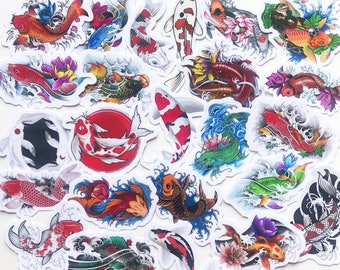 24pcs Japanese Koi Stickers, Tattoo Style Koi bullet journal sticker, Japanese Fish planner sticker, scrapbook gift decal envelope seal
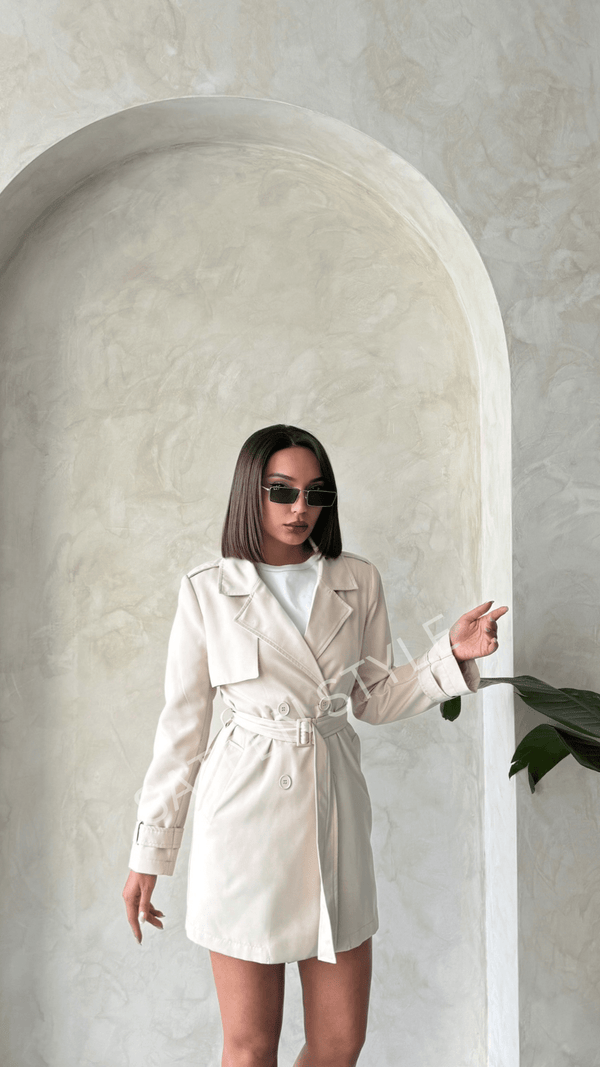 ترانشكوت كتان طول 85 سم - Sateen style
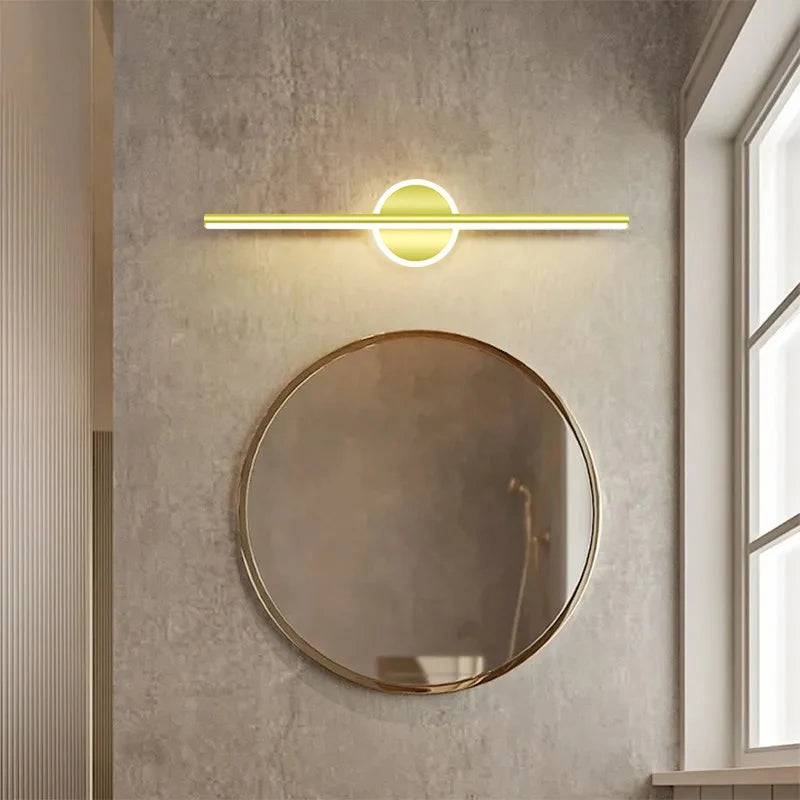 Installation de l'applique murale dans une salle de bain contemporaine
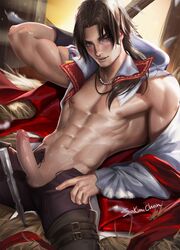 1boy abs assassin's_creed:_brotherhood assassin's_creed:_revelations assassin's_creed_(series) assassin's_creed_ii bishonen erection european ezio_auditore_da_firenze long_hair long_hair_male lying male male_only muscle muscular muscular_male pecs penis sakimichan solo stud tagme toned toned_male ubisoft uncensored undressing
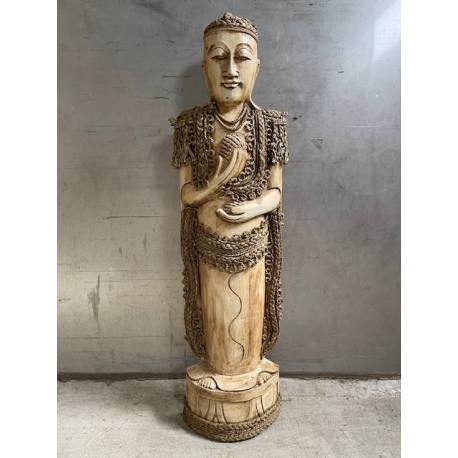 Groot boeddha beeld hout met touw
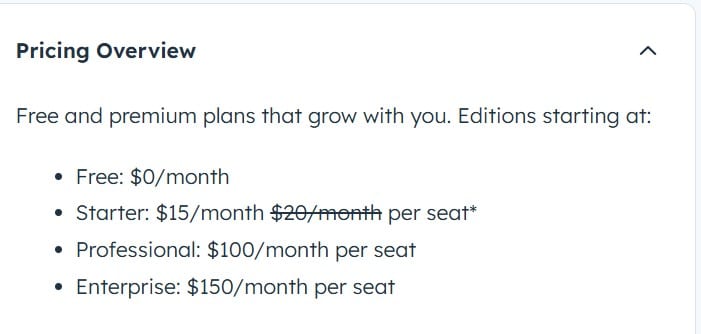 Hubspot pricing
___
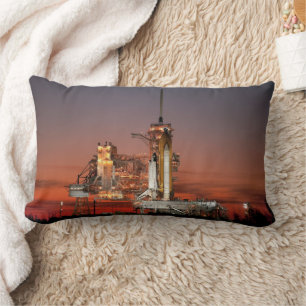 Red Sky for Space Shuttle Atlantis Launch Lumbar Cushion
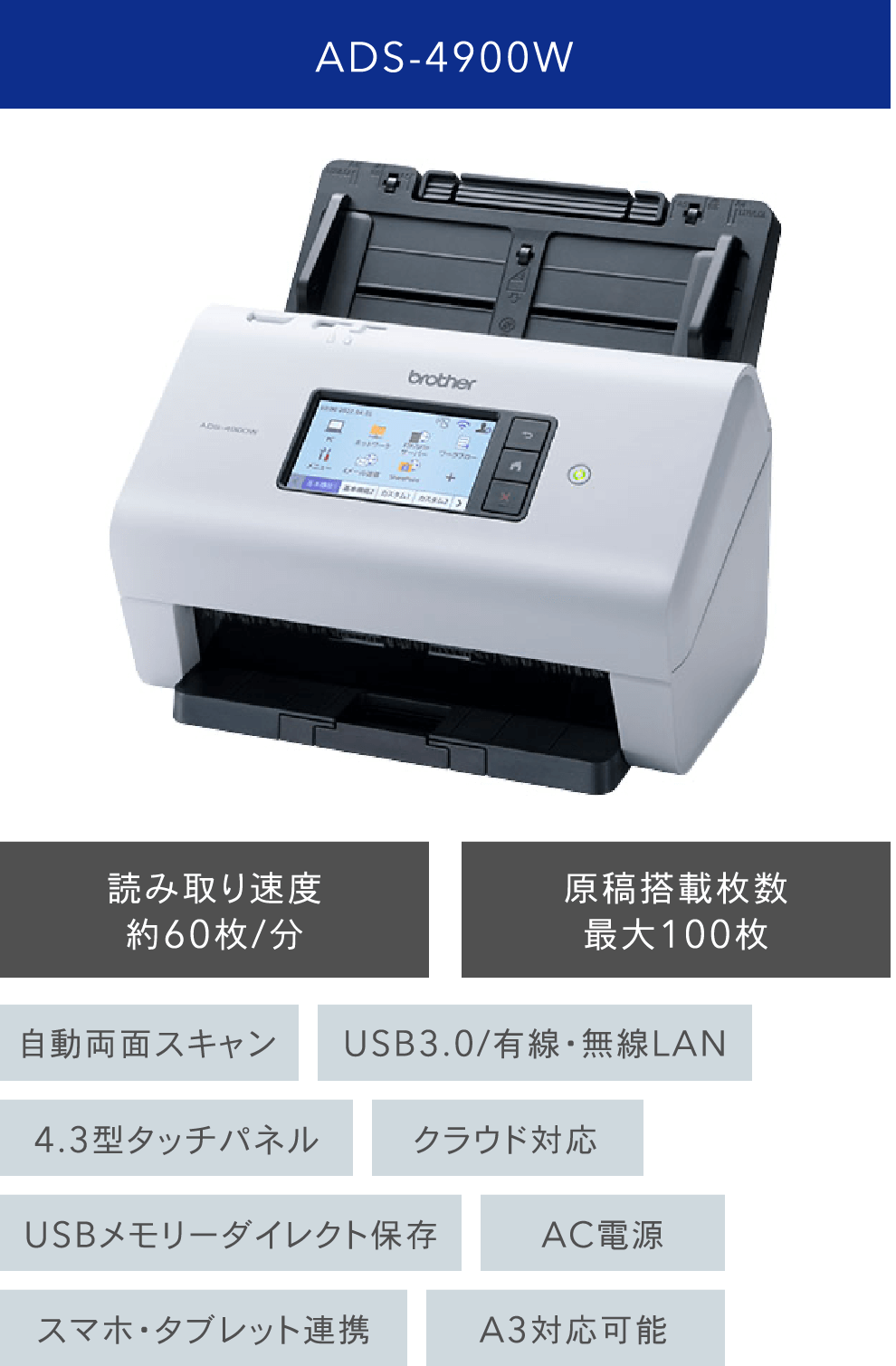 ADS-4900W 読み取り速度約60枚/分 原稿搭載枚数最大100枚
___
WHAT TO WORK ON: Which part of the entries opens with the line containing "1boy abs assassin's_creed:_brotherhood" and closes with the line containing "Hubspot pricing"? Output that part exactly, ends included, pictures excluded.

TASK ANSWER:
 1boy abs assassin's_creed:_brotherhood assassin's_creed:_revelations assassin's_creed_(series) assassin's_creed_ii bishonen erection european ezio_auditore_da_firenze long_hair long_hair_male lying male male_only muscle muscular muscular_male pecs penis sakimichan solo stud tagme toned toned_male ubisoft uncensored undressing
 Groot boeddha beeld hout met touw
 Hubspot pricing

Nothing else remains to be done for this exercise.